I've already tried to grab ucode file from intel but it doesn't seem to fix the problem.

Is the error -2 really about the him unable to find the file? In that case, where should I put the ucode?

Thanks for your attention and I'll hope you'le have a good day.

----------

## charles17

Will you please pastebin  your output of lspci -nnkv and post ifconfig -a here.  And have you  compiled the driver as a module as recommended?

----------

## Erickira

Here is the ouput of the lspci and ifconfig command:

http://pastebin.com/Ydkwwrfh

I did compile the driver as module (with the M symbol on make menuconfig) like for my ethernet and graphic card driver.

----------

## charles17

What about ifconfig -a ?

And could you please add output of dmesg | grep -i '04:00.0\|iwlwifi'Last edited by charles17 on Wed Mar 02, 2016 4:20 pm; edited 1 time in total

----------

## mir3x

R u sure u checked other 10 threads about the same issue? like that one ? https://forums.gentoo.org/viewtopic-t-1001638.html

----------

## Erickira

Sorry, the ifconfig -a was on the same pastebin than lspci.

but here for ifconfig -a:

http://pastebin.com/syiwsRMd

dmesg:

http://pastebin.com/xvZHy1pd

Mir3x: I did what was said on this topic (the deprecated method and the other one) and it didn't change anything, maybe I did it wrong but there wasn't any change.

----------

## NeddySeagoon

Erickira,

At 417ms into booting you cannot yet have root mounted.  That iwlwifi starts at that time indicates that its built into the kernel.

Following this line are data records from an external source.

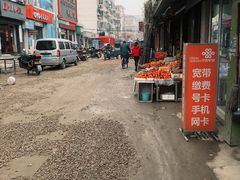 -荣巷小馄饨(荣巷店)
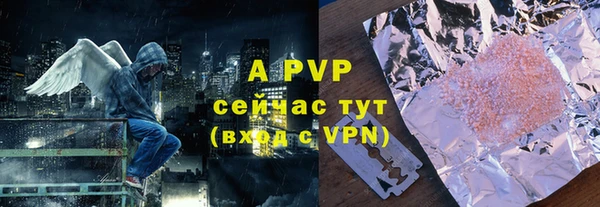 экстази Осташков
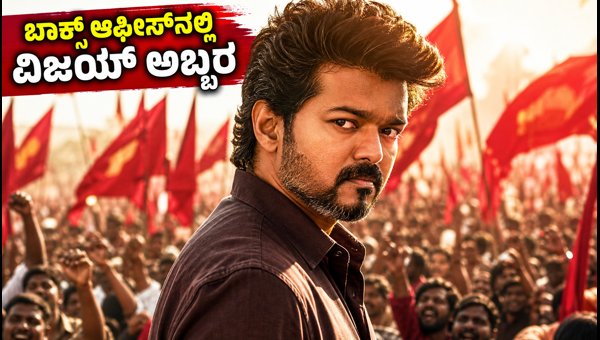 Thalapathy Vijay Jana Nayakan Box Office Collection: Massive Opening Day Records and Trends (2026) Thalapathy Vijay Jana Nayakan Box Office Collection: Massive Opening Day Records and Trends (2026)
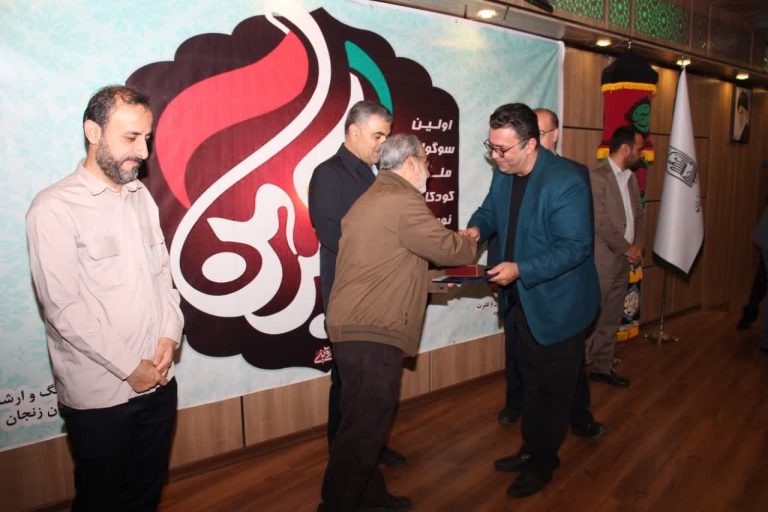 مراسم اختتامیه اولین سوگواره کودکان و نوجوانان حسینی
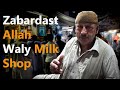 Androon Lahore Famous Milk Shop Allah Waly Milk shop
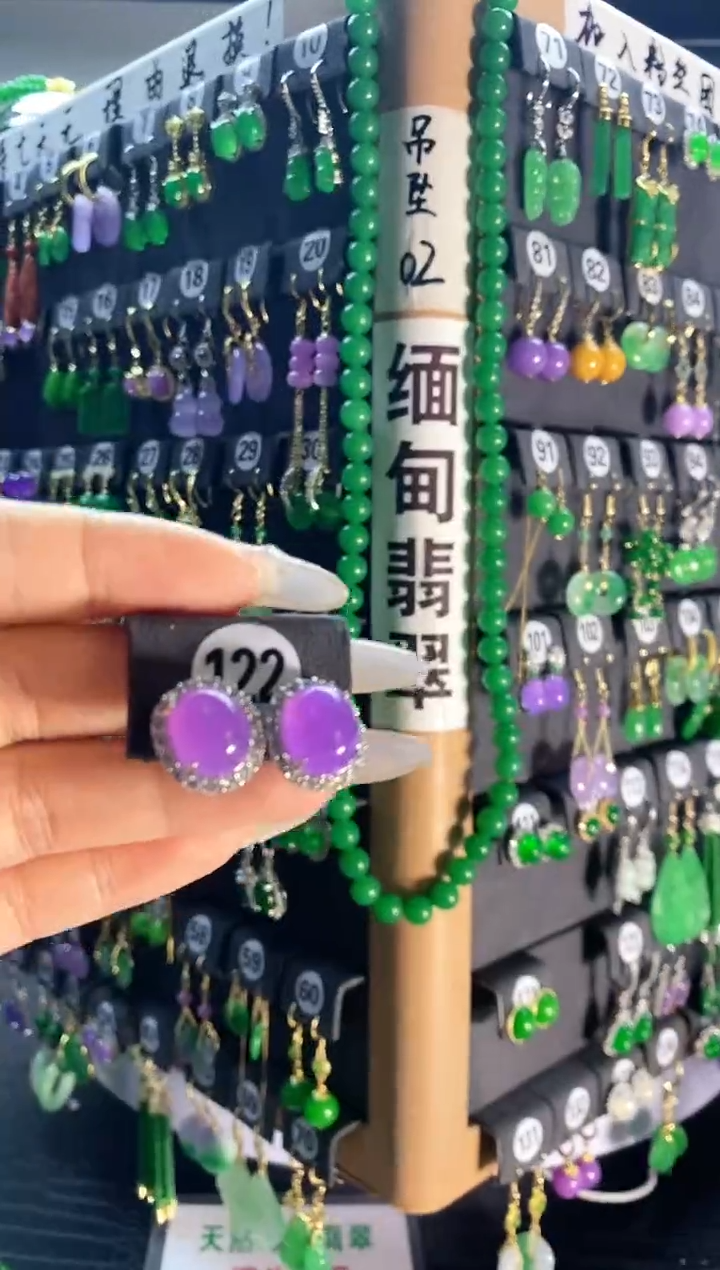【闪购商品】翡翠耳饰银S925镶嵌122...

To get working wifi, you need two things

a) the iwlwifi kernel code

b) the firmware for your iwlwifi hardware.

Now its gets a little trickier. When iwlwifi initalises, it tries to load its firmware. You can see that in your dmesg.  This means that the firmware must be in the kernel if iwlwifi is built  as <*>. Root is not mounted, so /lib/firmware cannot be read.

Conversely, if iwlwifi is configured as <M>, the firmware must be in /lib/firmware.

The other two combinations fail as the kernel code never finds the firmware.

Until it works, set <M> iwlwifi.  Once it works, you can build everything into the kernel if you want to.

----------

## charles17

Hope this separate wiki article https://wiki.gentoo.org/wiki/Iwlwifi will help people to avoid such common wilwifi trouble.

----------

## Erickira

Thanks everyone, it was indeed a mistake on my side. I've read the different link and wiki article and followed your indication, now my wifi work.

Thanks again.

----------

## lokoalex

Mistake on  my part as well. 

 *NeddySeagoon wrote:*   

> Erickira,
> 
> At 417ms into booting you cannot yet have root mounted.  That iwlwifi starts at that time indicates that its built into the kernel.
> 
> To get working wifi, you need two things
> ...

 

----------